> **WHAT YOU WILL DO**:
Every line of the entries below from the one containing "a white house" to the one containing "Builders clearing construction", both ends included, must be written out exactly. No other line belongs in the answer.

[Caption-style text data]
########################################

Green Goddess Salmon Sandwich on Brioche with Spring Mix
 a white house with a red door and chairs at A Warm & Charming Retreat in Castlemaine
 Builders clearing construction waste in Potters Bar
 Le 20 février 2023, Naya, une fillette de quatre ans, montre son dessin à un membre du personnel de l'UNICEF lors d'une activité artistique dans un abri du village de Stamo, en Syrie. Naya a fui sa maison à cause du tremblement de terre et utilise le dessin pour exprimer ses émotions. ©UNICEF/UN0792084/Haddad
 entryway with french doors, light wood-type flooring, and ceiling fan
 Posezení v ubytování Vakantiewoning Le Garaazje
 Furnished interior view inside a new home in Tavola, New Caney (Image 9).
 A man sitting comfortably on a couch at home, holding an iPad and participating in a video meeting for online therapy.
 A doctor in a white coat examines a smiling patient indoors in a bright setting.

########################################

> **OUTPUT OF THE TASK**:
 a white house with a red door and chairs at A Warm & Charming Retreat in Castlemaine
 Builders clearing construction waste in Potters Bar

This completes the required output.